- _What is needed_
If an entry holds a picture, leave the picture out and copy the rest exactly.

====

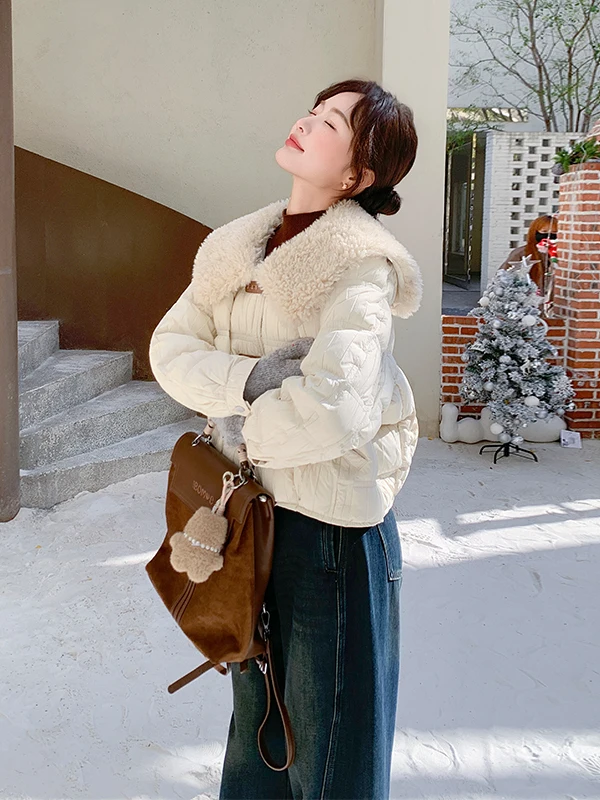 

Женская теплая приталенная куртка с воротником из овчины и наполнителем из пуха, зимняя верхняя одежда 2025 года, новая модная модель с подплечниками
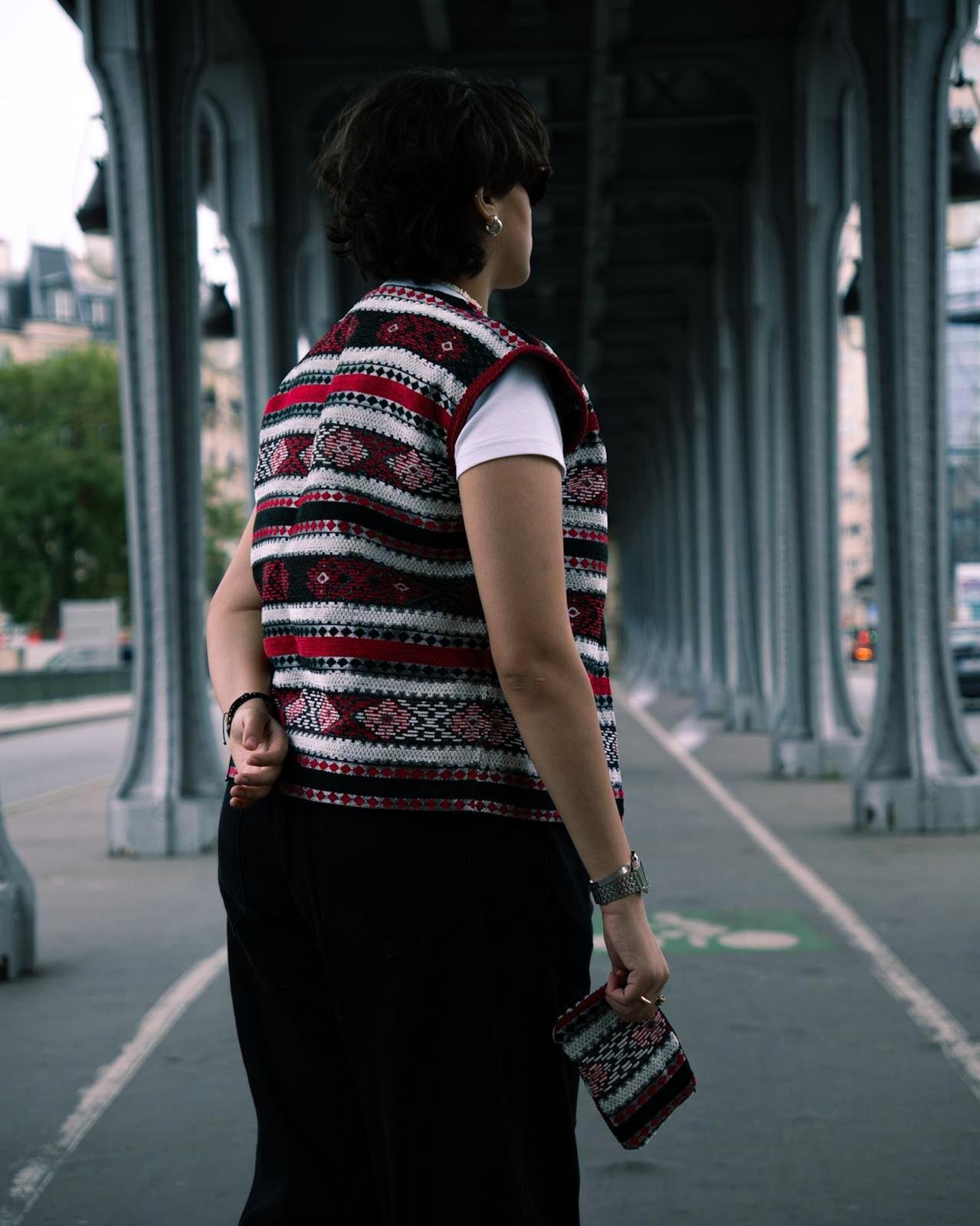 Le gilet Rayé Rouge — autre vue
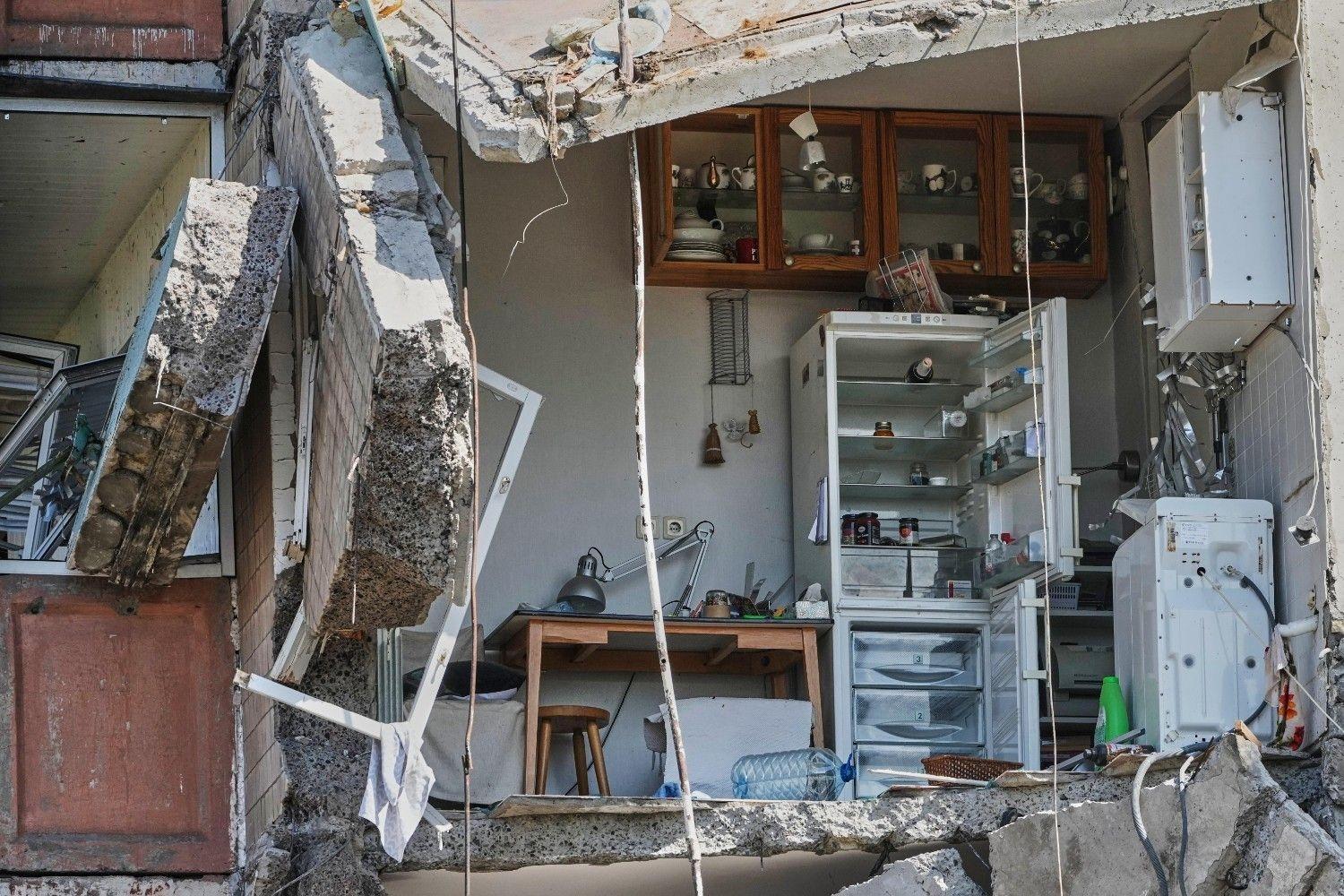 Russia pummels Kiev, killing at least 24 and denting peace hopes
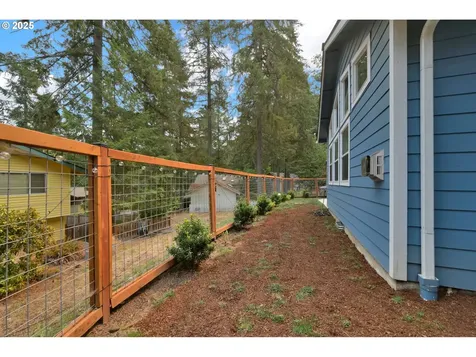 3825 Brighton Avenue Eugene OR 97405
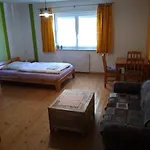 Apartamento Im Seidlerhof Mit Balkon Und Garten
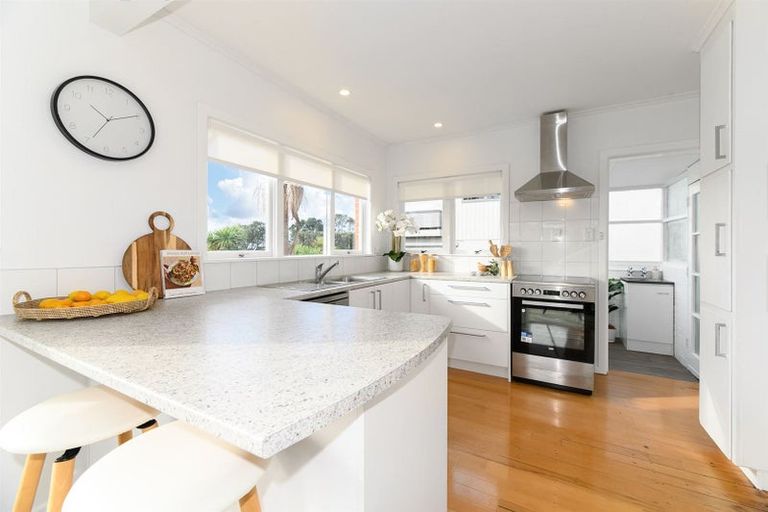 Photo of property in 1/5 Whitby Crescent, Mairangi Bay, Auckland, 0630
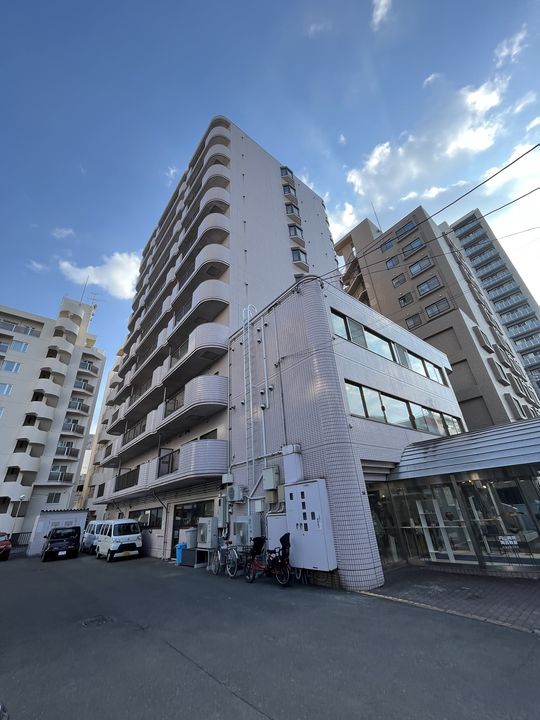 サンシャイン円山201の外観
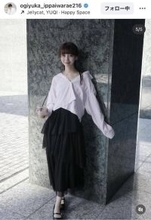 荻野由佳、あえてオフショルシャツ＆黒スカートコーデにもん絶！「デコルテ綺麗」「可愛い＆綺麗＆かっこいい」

====

- _Answer section_
Женская теплая приталенная куртка с воротником из овчины и наполнителем из пуха, зимняя верхняя одежда 2025 года, новая модная модель с подплечниками
 Le gilet Rayé Rouge — autre vue
 Russia pummels Kiev, killing at least 24 and denting peace hopes
 3825 Brighton Avenue Eugene OR 97405
 Apartamento Im Seidlerhof Mit Balkon Und Garten
 Photo of property in 1/5 Whitby Crescent, Mairangi Bay, Auckland, 0630
 サンシャイン円山201の外観
 荻野由佳、あえてオフショルシャツ＆黒スカートコーデにもん絶！「デコルテ綺麗」「可愛い＆綺麗＆かっこいい」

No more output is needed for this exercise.